Is Two Weeks in France Enough?

Two weeks is the sweet spot for France. It gives you time to do Paris properly, explore two or three regions, and still slow down long enough to feel like you are actually somewhere — rather than just moving between sights.

A one-week trip forces hard choices. A month is a luxury. Two weeks in France gives you genuine flexibility: time for an unplanned afternoon in a market town, a long lunch that stretches into the evening, or a spontaneous detour to a village you spotted from a train window.

How to Divide Your Two Weeks in France

The most natural way to structure two weeks in France is to start and end in Paris, with a regional loop in between. You arrive jet-lagged, spend two or three days in the capital getting your bearings, then head south or west before returning to Paris for your flight home.

A framework that works well for most first-time visitors:

  • Days 1–3: Paris
  • Days 4–6: Loire Valley
  • Days 7–9: Bordeaux and the Dordogne
  • Days 10–12: Provence
  • Days 13–14: The French Riviera

This route moves roughly south and west from Paris before looping to the Mediterranean coast. You can adapt it depending on your priorities — swap Bordeaux for Brittany, or the Riviera for Alsace, and the structure still holds.

Days 1–3: Paris

Start in Paris. Even if you have visited before, the city earns two full days at a minimum. Three is better.

Day 1: Arrive and Orient

On your first day, walk the Seine. Cross the bridges, find your bearings, and end up somewhere near the Eiffel Tower at dusk. Keep it simple. Save the museums for day two when your body clock has had time to settle.

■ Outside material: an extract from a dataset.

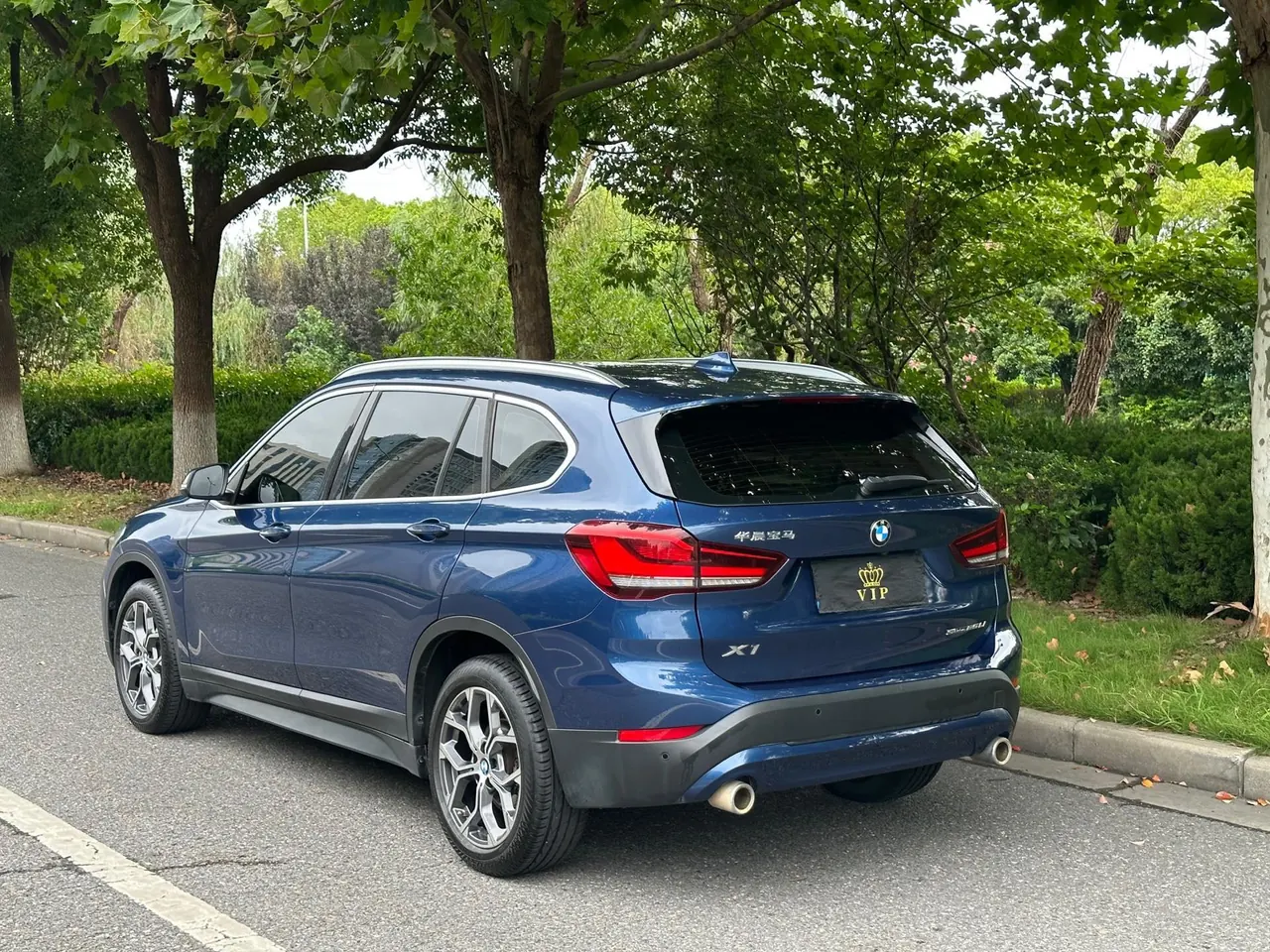 BMW 2021 X1 sDrive25Li 2.0T Leading Automatic Gear 17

Day 2: The Louvre and the Marais

Spend your morning at the Louvre or the Musée d’Orsay — pick one, not both. In the afternoon, walk the Marais district. The streets around Place des Vosges are some of the finest in Paris, and the neighbourhood has excellent food markets and independent cafés.

Day 3: A Day Trip Out of the City

On day three, take a half-day excursion outside Paris. Versailles is the obvious choice and genuinely extraordinary. Giverny — Monet’s garden in Normandy — is wonderful in spring and early summer. Both are under two hours by public transport from central Paris.

Days 4–6: The Loire Valley

The Loire Valley sits about 90 minutes south of Paris by TGV. It is the heart of château country — the region where French royalty chose to spend their summers for two centuries, leaving behind more than 300 castles along the river and its tributaries.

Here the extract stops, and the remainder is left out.